■ Requirement
From the listing below, output the lines between the one with "33 Biggs Avenue, Beachmere QLD 4510" and the one with "28 Burgess Drive Warwick RI 02886", including those two, and nothing else. Pictures are not copied.

■ Dataset records
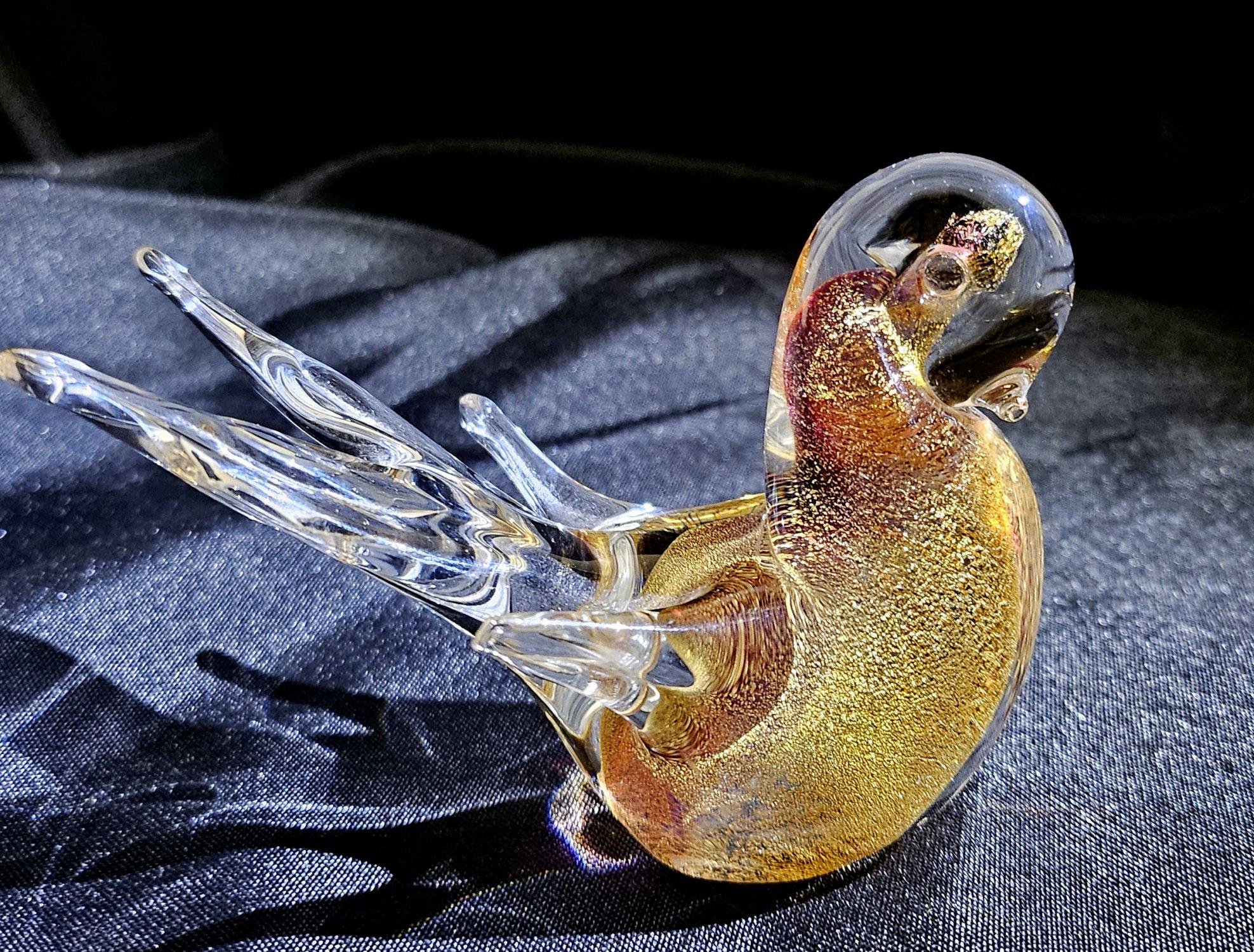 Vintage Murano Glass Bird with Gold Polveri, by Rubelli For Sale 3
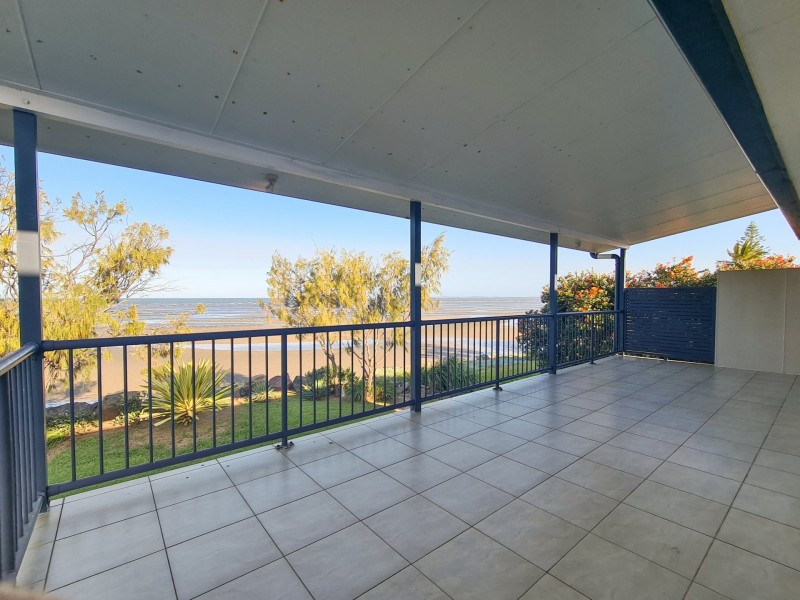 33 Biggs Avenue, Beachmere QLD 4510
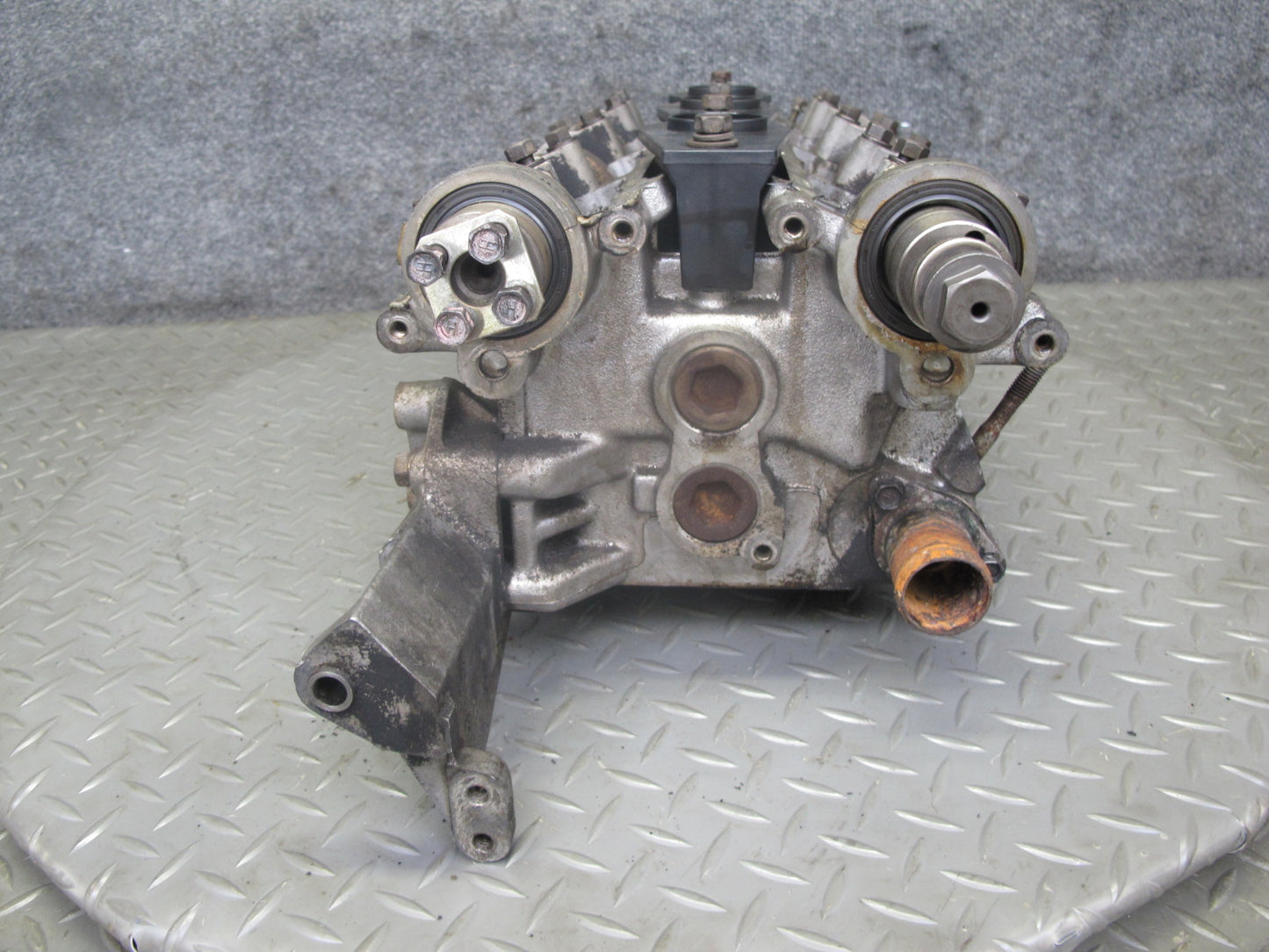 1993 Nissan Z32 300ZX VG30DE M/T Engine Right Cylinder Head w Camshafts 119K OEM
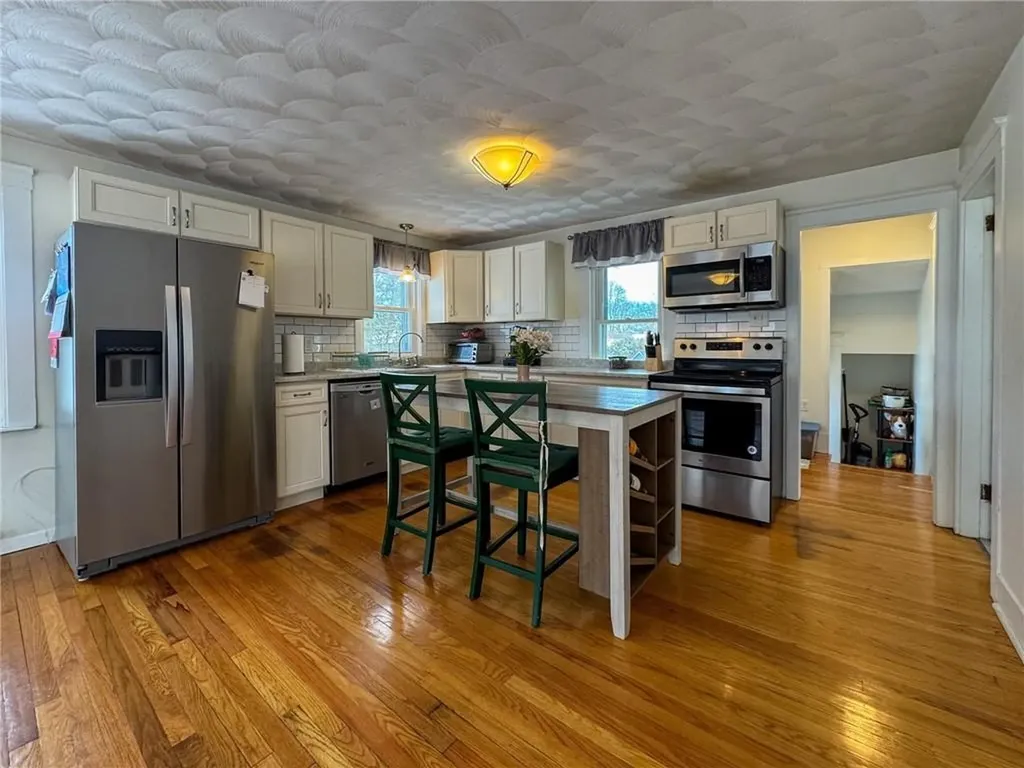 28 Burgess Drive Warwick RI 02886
--
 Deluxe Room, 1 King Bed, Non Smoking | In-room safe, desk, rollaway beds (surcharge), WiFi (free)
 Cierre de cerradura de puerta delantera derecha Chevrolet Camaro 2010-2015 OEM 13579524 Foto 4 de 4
...
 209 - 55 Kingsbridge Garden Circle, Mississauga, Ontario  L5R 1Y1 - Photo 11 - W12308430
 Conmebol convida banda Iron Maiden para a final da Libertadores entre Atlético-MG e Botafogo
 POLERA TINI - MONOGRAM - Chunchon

■ Task solution
 33 Biggs Avenue, Beachmere QLD 4510
 1993 Nissan Z32 300ZX VG30DE M/T Engine Right Cylinder Head w Camshafts 119K OEM
 28 Burgess Drive Warwick RI 02886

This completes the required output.